Président is a French dairy brand owned by Lactalis of Laval, Mayenne. The brand was created in 1933 by André Besnier. It is used for butter and for a range of industrially produced versions of traditional cheese.

== History ==
The brand was created in 1933 by André Besnier who by then was already a leading figure in the French dairy business. Explaining the name's French context, Besnier explained that "France is the land of presidents, everyone is a president: of a club of fishermen, of bowlers, of veterans". « La France est le pays des Présidents, tout le monde est président!
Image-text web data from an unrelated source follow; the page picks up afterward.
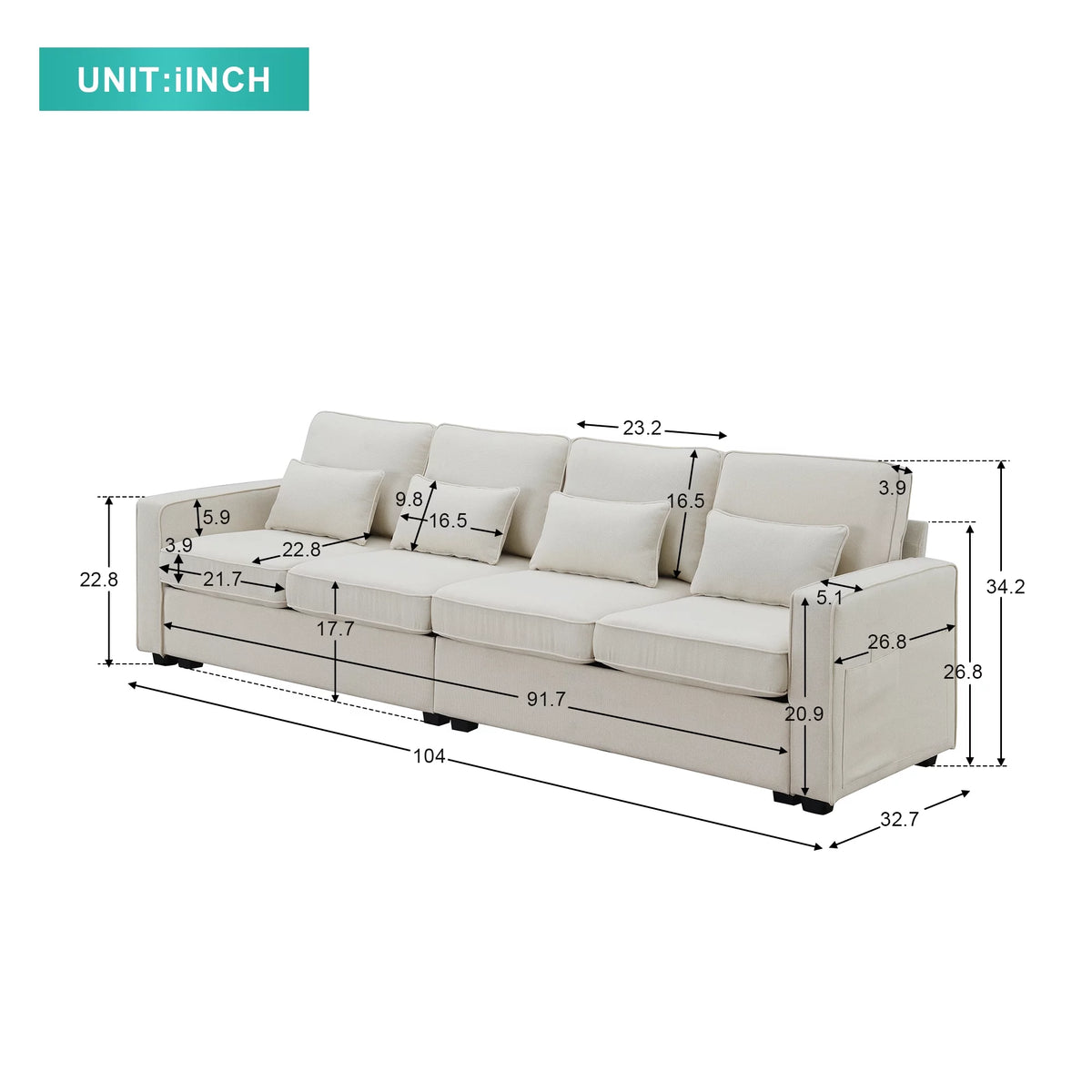 104" Beige 4-Seater Sofa with Armrest Pockets and Pillows U79913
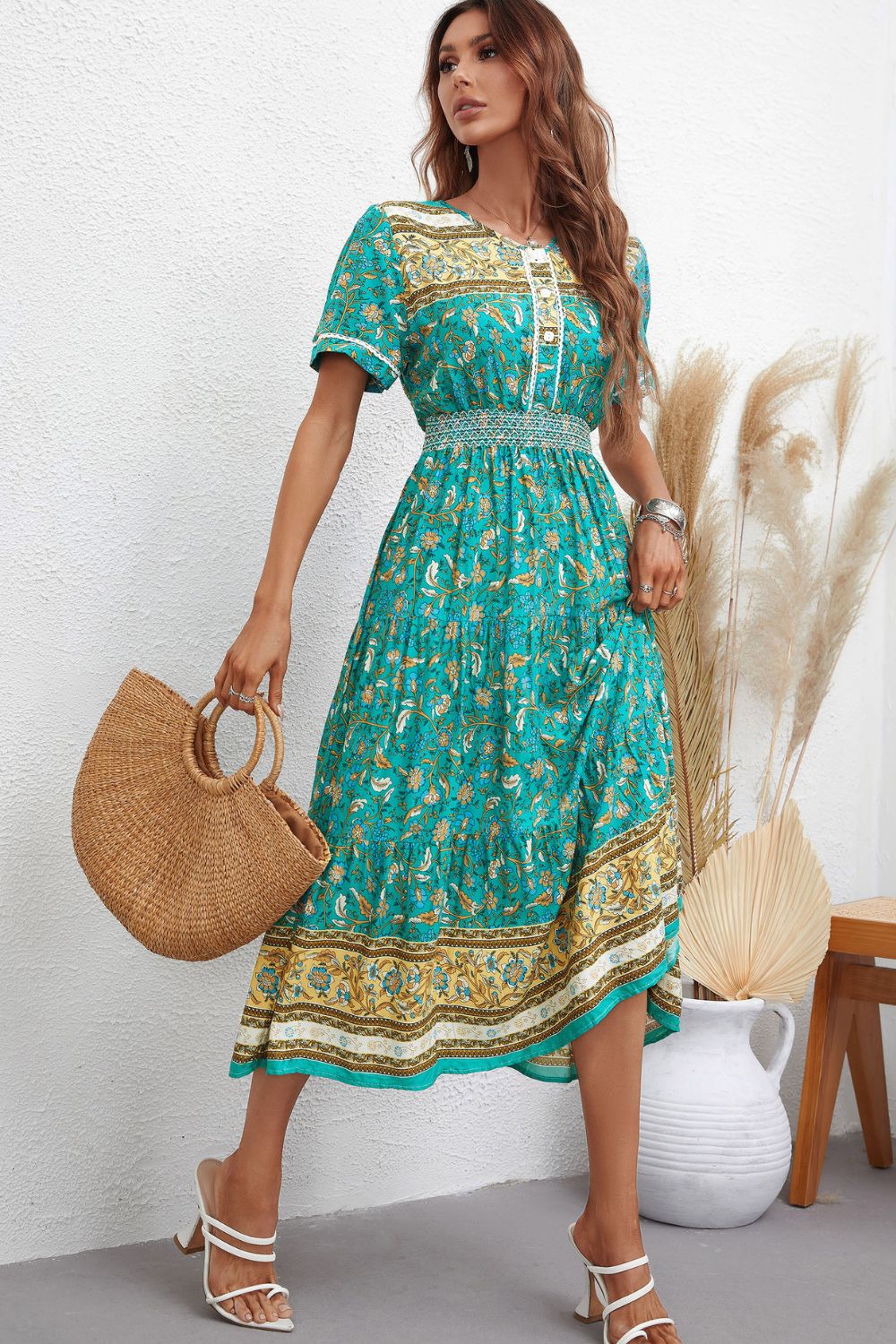 Bohemian Short Sleeve Midi Dress - SHIRLYN.CO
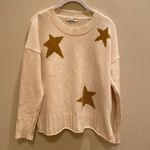Madewell Cream Merino Wool Boxy L/S Gold Star Sweater Size SMALL *Small Flaw Photo 0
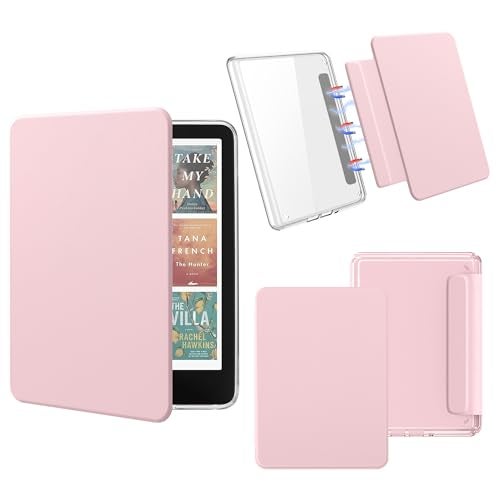 Vane Oak Magnetic Detachable Case for All-New 7" Kindle Paperwhite 12th Gen 2024 and Kindle Colorsoft Signature Edition, Light PU Leather Cover Case with Auto Wake/Sleep, Pink - Image 1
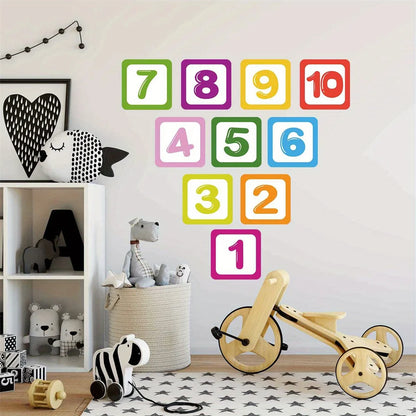 Hopscotch Floor Stickers Lattice Number Game Kindergarten Children Room Cartoon Wall Stickers Waterproof 10PCS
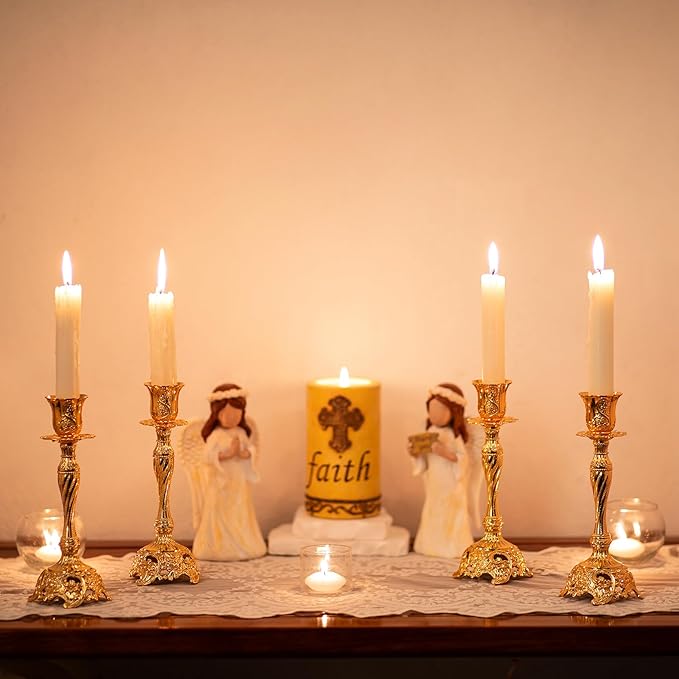 Sziqiqi Gold Candlestick Holders Set of 2 Taper Candle Holders Deluxe Ornate Candle Holders for Shabbat Taper Candles, Candle Centerpiece, Wedding Candles, Christmas Candle 7.4inch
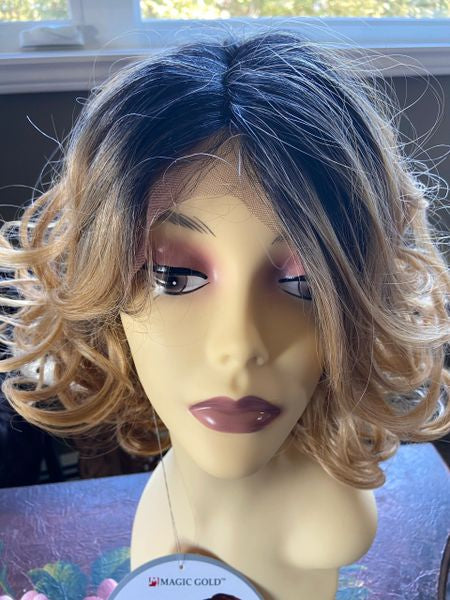 Janice - Black to blonde ombre lace front wig synthetic wigs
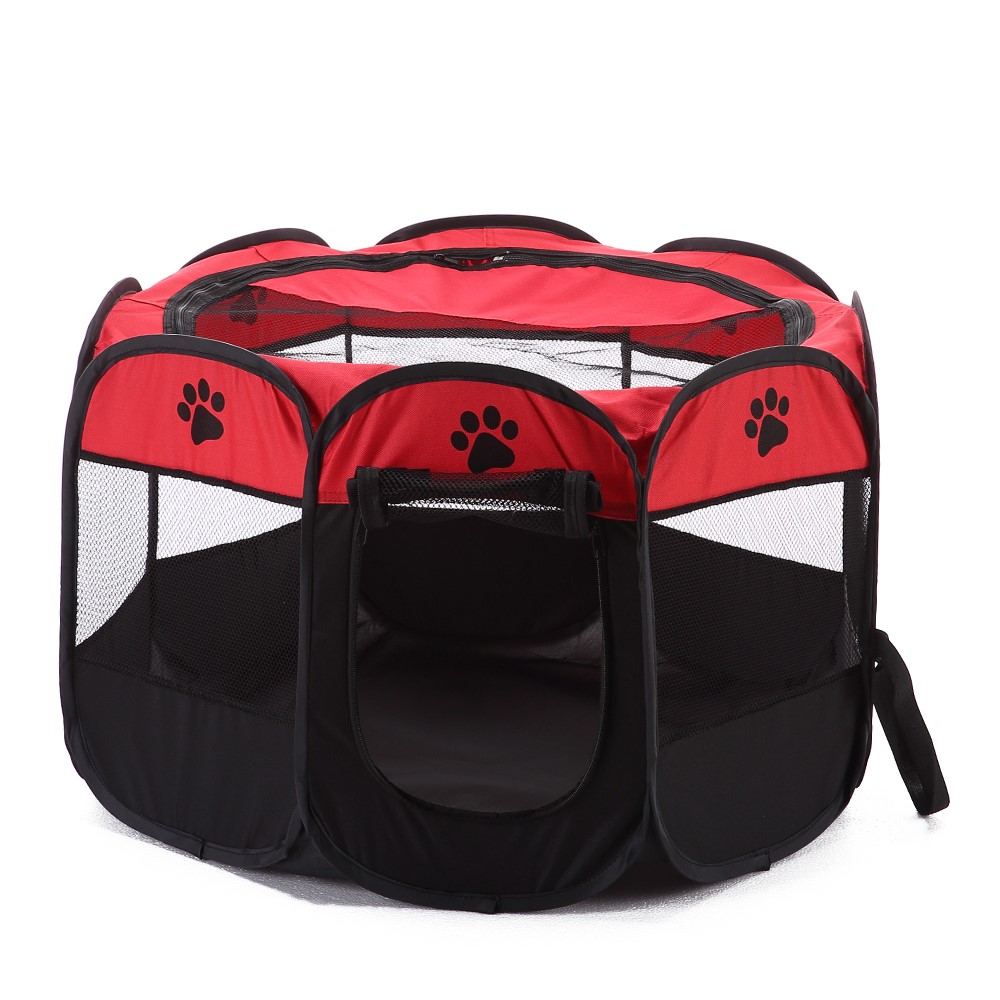 8-side Foldable Pet Tent Dog House Cage Dog Cat Tent Puppy Kennel - Red-8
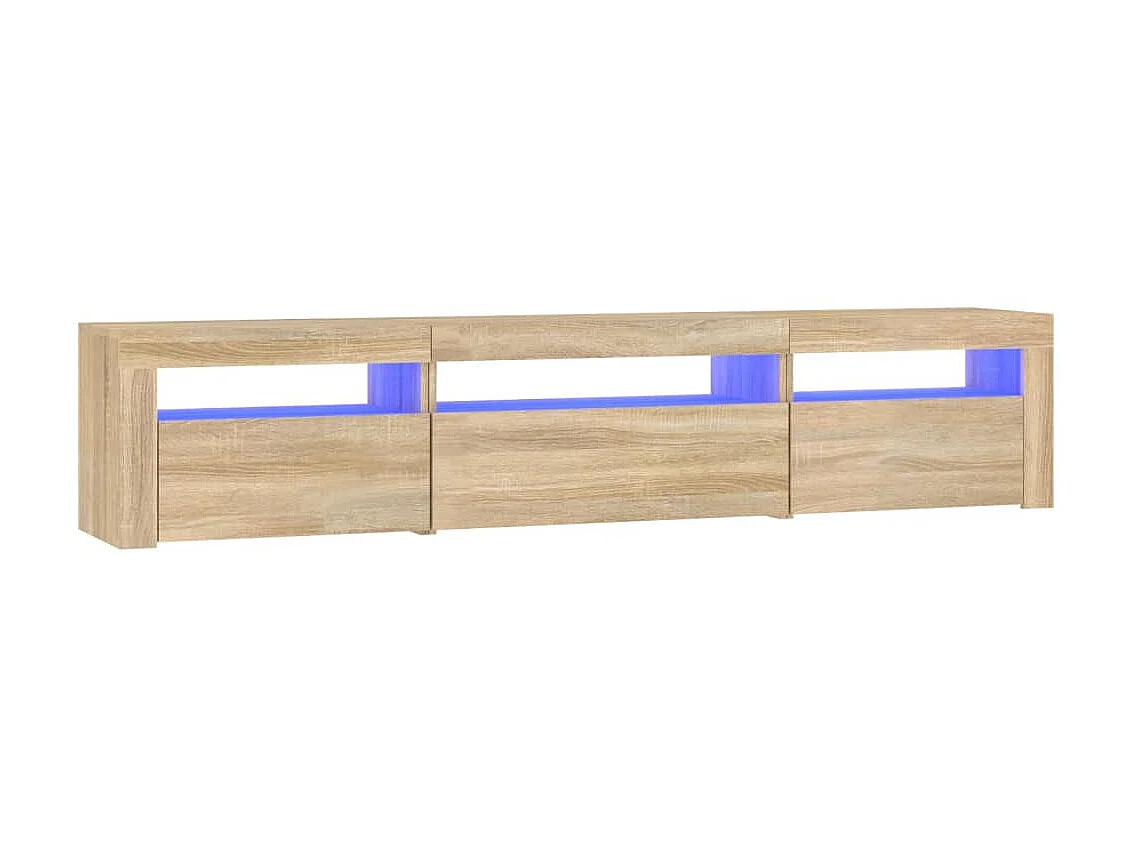Meuble TV avec lumières LED Chêne sonoma 195x35x40 cm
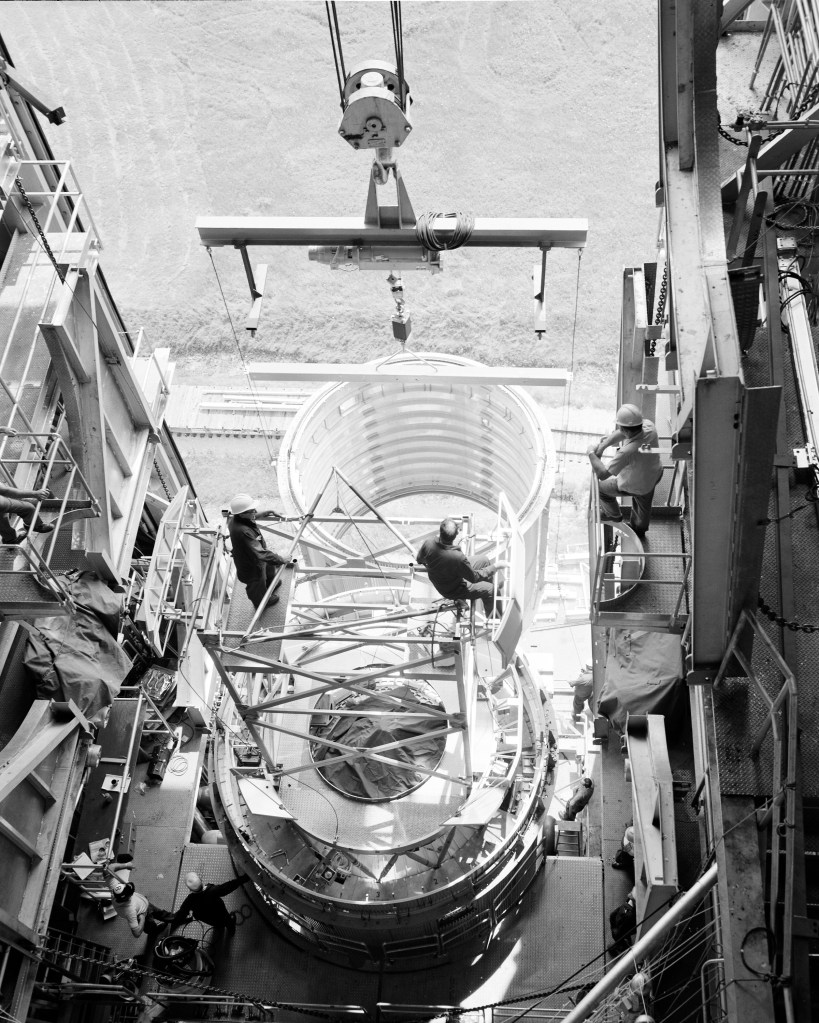 View from above of Installation of components at the B-3 stand.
De l'association de pêche, des boulistes, des anciens combattants. » (Presidential government had also enjoyed a higher profile in France since the return to power as president, in 1958, of leading president Charles de Gaulle.)

=== Landmark dates ===
- 1968: Launch of Président Camembert.
- 1972: Launch of Président Coulommiers.
- 1972: Launch of Président butter.
- 1975: Launch of Président Brie.
- 1991: Launch of Président Emmental range.
- 1993: Président sells its billionth Camembert.
- 1995: Launch of Président brand in Germany and United States.
- 1999: Launch of Président Camembert and Emmental based cheese spread.
- 2003: Launch of Président Mozzarella and Goats' cheese.
- 2006: Launch of Président Cantal.

== Marketing ==
The Président camembert label has barely changed since launch. Designed to mimic premium whisky labels, its crossed palms, gold-and-black palette, and heraldry signal quality and authenticity. Its three crests represent the milk's origin regions— Brittany, Normandy, and Maine stylized simply as a golden field with a lion.